# Planned setup in S14



## Falkon (Nov 17, 2003)

This at the moment is just a dream, but I'm an audiophile so I want it all planned out.

Eclipse Commander Advance w/ Eclipse deck
Phoenix Gold RCA cables
Phoenix Gold Octane-R 125w/4 rms @ 4ohm amp
Adire Koda 6.1 components up front
Focal Polyglass 2-ways in rear
Phoenix Gold Mono amp
Adire 10" Brahma subwoofer in sealed box
1 farad cap
Brown Bread floor pans, trunk, rear panels, and doors

As I said this is a distant expensive dream, but it will happen. I was just wondering what some of you would think of this setup.


----------



## Lucino200sx (Apr 30, 2002)

Falkon said:


> This at the moment is just a dream, but I'm an audiophile so I want it all planned out.
> 
> Eclipse Commander Advance w/ Eclipse deck
> Phoenix Gold RCA cables
> ...



I'm not as audiophile as you, but would your dream be considered as a mid-competion set up? above average?


----------



## Punkrocka436 (Jul 8, 2003)

His setup is going to be a nice SQ setup with some tweaking. I havent heard anything about the Koda components but the brahma subwoofer is a great SQ sub. Sr20Dem0n will tell you everything you need to know when he finds this post. 

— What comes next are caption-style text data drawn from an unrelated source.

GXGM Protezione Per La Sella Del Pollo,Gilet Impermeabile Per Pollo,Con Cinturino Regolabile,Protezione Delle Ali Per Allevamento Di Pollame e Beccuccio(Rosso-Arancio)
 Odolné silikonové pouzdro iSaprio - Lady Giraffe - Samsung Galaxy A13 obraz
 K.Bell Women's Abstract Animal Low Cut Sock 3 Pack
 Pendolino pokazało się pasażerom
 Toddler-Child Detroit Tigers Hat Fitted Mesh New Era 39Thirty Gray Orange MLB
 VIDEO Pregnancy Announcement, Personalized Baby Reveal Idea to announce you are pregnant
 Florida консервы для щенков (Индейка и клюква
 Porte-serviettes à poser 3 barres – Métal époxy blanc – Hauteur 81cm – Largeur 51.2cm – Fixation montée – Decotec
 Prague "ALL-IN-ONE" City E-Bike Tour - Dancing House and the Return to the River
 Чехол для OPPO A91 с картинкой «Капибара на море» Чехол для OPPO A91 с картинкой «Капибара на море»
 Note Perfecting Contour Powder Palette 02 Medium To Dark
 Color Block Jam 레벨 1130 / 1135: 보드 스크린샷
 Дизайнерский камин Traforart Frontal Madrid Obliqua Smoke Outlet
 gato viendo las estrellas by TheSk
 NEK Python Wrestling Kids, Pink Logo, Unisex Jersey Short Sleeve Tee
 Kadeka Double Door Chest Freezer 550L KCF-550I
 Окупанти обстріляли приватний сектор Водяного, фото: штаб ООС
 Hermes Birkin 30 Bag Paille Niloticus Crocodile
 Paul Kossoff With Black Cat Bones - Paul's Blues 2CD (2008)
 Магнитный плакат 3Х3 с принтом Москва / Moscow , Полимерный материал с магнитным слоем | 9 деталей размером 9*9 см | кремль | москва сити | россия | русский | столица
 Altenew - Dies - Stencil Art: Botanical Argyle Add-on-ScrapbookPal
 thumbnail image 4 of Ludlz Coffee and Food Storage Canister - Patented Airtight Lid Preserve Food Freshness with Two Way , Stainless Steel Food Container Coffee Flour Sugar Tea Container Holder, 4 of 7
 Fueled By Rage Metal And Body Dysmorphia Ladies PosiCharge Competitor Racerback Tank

I would ditch the cap though


----------



## Ninety-Nine SE-L (May 5, 2002)

Punkrocka436 said:


> I would ditch the cap though


Whats wrong with a cap? it would only help. I'm running almost 500 to my 12.1 and 75RMS to each mid and my lights are dimming a little.


----------



## sr20dem0n (Mar 19, 2003)

That looks like a nice setup
Keep in mind the Kodas have been known to have their surround separate from the basket. It's nothing a little glue can't fix, but just be prepared if you decide to go for them.
I'm not a rear-fill guy, but some are. It's hard to tell you to try it out with just the kodas and then add the Focals later if you don't like it, because you'd run into some issues with the amp (2-ch, 4-ch, etc). If you can find anyone with a decent setup running a single pair of speakers I would go sit in their car for a while to see if it's for you.
You probably won't need the cap either, it should really be the last thing you add to the electrical system and only used as a last resort. This is the order I upgrade the electrical system
1 - do you have dimming? Upgrade the "big 3" wires (alt + to batt +, batt to ground, engine to ground)
2 - do you still have dimming? Upgrade the alternator to a HO (either buy a new one or get it rewound)
3 - do you still have dimming? Upgrade the battery
4 - still dimming? Try out a cap

The big 3 is the cheapest and should definately come first even if you're running a tiny system. The alternator is the most expensive, but will help every aspect of your electrical system, not just your dimming. The battery is debateable, but if you're still running the stocker then upgrading to an Optima or other similar battery can kill your dimming as well as help the car start on cold mornings, etc. The cap...well, it _can_ help out your dimming, but that's all it does and it's a pretty expensive "solution" to an easy-to-fix problem.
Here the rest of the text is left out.